そしてここで昌也を”桁外れな中学生だった”と評しているのは彼の姉……。
弟に対する姉の評価がどこまで信用できるのか難しいところですが、昌也がほんとうに万能であったなら、そんな相手を含めて4人も支配した「悪魔のような中学生」の異質さが際立ちます。
『ただ、それだけでよかったんです』はこの謎の真相が明かされるまでを楽しむのが最大の魅力なわけですが、面白いのは視点主(語り手)の大半が悪魔と称された菅原拓だということ。
つまり、犯人(……と称するべきかはさておき)の視点で謎が明かされていくんです。
事件があって犯人が実は主人公だった、という小説は読んだことがありますが、事件の結末と犯人が最初から明かされていて、その真相を犯人視点で語っていくという形は初めて見ました。
あえて欠点を挙げるなら、謎の究明に集中していて、人物の行動や感情の描写が少なく小説の醍醐味が薄れていることと、次々に謎が積み重なる形をとっているから、情報の後出し感があることの2点でしょうか……。
しかしなかなかお目にかかれない構成ですし、くり返しになってしまいますが謎の真相は秀逸ですのでぜひお楽しみに!
ネタバレLevel③『ただ、それだけでよかったんです』のおすすめ&感想
この先は読了済みの方に向けて、ネタバレありの感想を書いていきます。
驚愕の結末への感想など、共有できたら嬉しいです!
ある意味あっけない、しかしある意味リアリティのある”真相”が生むテーマ性
壮大な謎を提示しておきながら、真相そのものはあっけない。でもそこにリアリティがあり、主人公たちが中学生という設定にも頷けます。
その上で、提示してきた謎にはきっちり答えているのだから、このコントラストには唸らされました。
備忘録として『ただ、それだけでよかったんです』の核とも言える”謎の真相”をまとめておこうと思います。
- 「一人が四人を支配」ではなく「四人が一人をいじめ」ていた。
- 自殺の被害者は、四人の中でもいじめのリーダー的存在。
(彼は才能ある中学生という評価だったが、その才能はいじめにも発揮されていた) - 壮絶ないじめにあう主人公はひとりぼっちで助けを求める相手がおらず手詰まり。
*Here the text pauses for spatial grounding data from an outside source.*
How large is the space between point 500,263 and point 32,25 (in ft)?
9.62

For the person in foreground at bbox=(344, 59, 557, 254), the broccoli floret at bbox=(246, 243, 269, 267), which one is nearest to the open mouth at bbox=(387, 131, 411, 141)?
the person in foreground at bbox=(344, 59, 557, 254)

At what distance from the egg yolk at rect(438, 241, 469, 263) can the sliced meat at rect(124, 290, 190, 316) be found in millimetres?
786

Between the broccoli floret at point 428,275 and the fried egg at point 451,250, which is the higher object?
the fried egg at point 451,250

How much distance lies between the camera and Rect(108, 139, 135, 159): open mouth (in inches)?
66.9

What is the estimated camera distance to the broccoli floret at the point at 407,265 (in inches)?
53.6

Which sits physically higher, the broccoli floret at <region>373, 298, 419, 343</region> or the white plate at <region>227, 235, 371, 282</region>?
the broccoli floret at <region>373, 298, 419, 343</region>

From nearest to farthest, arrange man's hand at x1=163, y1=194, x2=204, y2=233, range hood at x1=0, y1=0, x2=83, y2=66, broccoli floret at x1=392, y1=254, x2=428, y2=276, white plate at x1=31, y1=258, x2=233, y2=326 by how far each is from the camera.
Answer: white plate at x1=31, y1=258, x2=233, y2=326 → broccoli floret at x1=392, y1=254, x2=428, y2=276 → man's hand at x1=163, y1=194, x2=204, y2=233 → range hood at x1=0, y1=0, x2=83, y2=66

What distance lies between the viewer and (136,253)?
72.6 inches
- 主人公は気づく。いじめる側も苦しんでいる。”人間力テスト”によって抑圧された雰囲気に活路を見いだそうとした結果がいじめなのだろう。その環境を変えることが”革命”だと信じた。(革命を決意したきっかけは、好きになった女の子が泣いていたから)
- 主人公は自ら悪者となる。
いじめる相手に暴行
⇒自ら非を認める
⇒土下座で謝罪して各クラスを回るという”罰”を自ら誘導して受ける
⇒「一人で四人をいじめた」ことを学校中で謝罪することで、本来は嘘である情報を公然の事実へ仕立て上げた。 - 中学生男子にとって「いじめられる」ことは恥ずかしいこと。
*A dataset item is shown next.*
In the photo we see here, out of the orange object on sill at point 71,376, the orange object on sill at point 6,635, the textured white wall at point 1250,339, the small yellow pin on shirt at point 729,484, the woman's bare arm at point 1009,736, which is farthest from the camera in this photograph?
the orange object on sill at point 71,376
しかも、学校中で土下座するという醜態をさらしている一人に、四人一緒にいじめらていることにされた。 - 自殺被害者は才能がありクラスでも中心人物だったゆえに「他人に情けないと思われる」ことに耐えらなかった。
「いじめ絡みで自殺……」は悲しいですがリアリティがありますよね。
しかし今回の真相は「いじめられた側が加害者になりすまし、周囲からの憐憫に耐えられなくなった本来の加害者が自殺」というもの。
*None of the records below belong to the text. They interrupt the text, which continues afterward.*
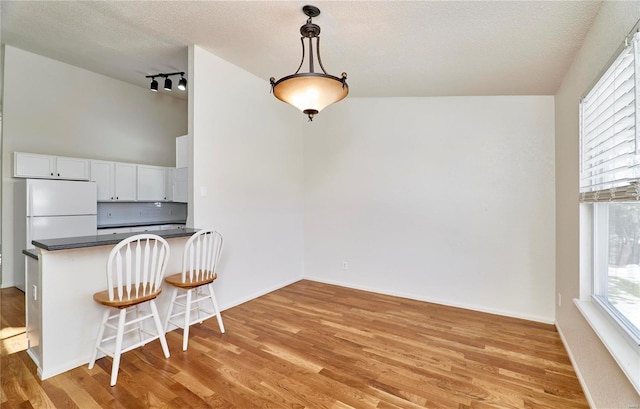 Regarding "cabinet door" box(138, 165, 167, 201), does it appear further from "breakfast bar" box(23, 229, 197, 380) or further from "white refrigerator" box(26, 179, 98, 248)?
"breakfast bar" box(23, 229, 197, 380)

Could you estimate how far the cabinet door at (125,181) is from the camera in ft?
14.9

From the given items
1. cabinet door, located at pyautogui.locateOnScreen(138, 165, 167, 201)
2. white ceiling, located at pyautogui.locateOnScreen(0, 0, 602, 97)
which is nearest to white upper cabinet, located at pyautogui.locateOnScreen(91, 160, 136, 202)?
cabinet door, located at pyautogui.locateOnScreen(138, 165, 167, 201)

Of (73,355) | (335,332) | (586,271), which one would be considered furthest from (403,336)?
(73,355)

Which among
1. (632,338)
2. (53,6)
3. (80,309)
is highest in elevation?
(53,6)

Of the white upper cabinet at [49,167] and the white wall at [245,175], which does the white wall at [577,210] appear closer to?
the white wall at [245,175]

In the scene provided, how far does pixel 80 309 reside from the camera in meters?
2.21

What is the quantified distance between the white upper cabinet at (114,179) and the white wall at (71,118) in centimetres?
29

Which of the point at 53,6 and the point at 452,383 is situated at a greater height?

この一文だけ読むとわけがわかりませんが、それを小説一冊で成立させていることに脱帽です。
「いじめられた側はみじめで情けなく感じている」にも共感できる人が多いのではないでしょうか。
こういう感覚を抱いてしまうのは現代——特に多感な年頃の集団生活の形式ゆえに思えて、いじめ問題とあわせて『ただ、それだけでよかったんです』という作品に深いテーマ性を感じさせてくれるように思いました。
「なぜいじめるのか?」を浮き彫りにした”人間力テスト”という設定
『ただ、それだけでよかったんです』の一番の魅力は、どんどん深まっていた謎の真相が明かされたときのカタルシスだと思います。
でも、それに負けないくらい、謎の根本となった背景のリアリティというか共感性がすばらしいです。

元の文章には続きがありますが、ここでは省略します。